→ **The task**
Produce a verbatim copy of the data below that contains no pictures.

→ **The data**

____

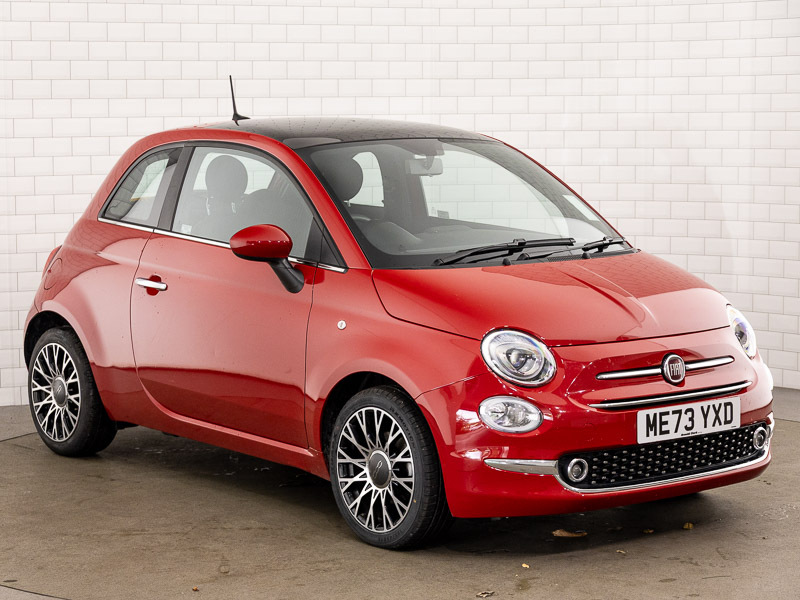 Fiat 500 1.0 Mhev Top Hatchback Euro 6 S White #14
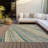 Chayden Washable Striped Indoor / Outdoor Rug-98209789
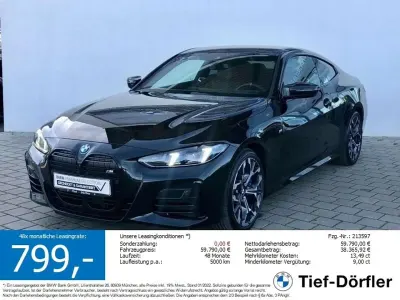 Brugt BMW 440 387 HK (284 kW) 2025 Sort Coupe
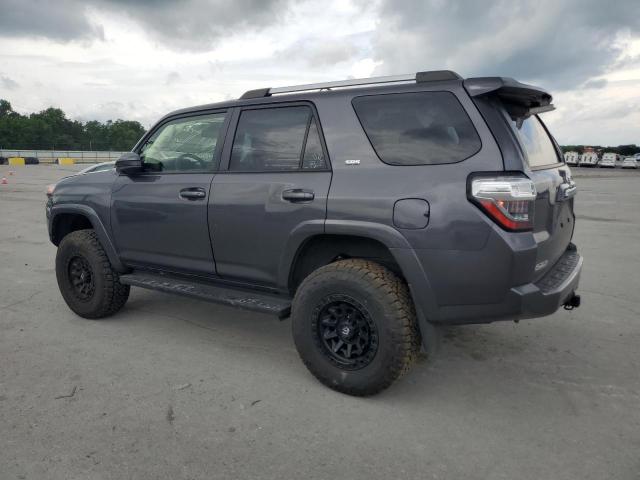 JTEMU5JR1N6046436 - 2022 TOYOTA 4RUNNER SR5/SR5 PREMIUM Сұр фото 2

____

→ **Response to the exercise**
 Fiat 500 1.0 Mhev Top Hatchback Euro 6 S White #14
 Chayden Washable Striped Indoor / Outdoor Rug-98209789
 Brugt BMW 440 387 HK (284 kW) 2025 Sort Coupe
 JTEMU5JR1N6046436 - 2022 TOYOTA 4RUNNER SR5/SR5 PREMIUM Сұр фото 2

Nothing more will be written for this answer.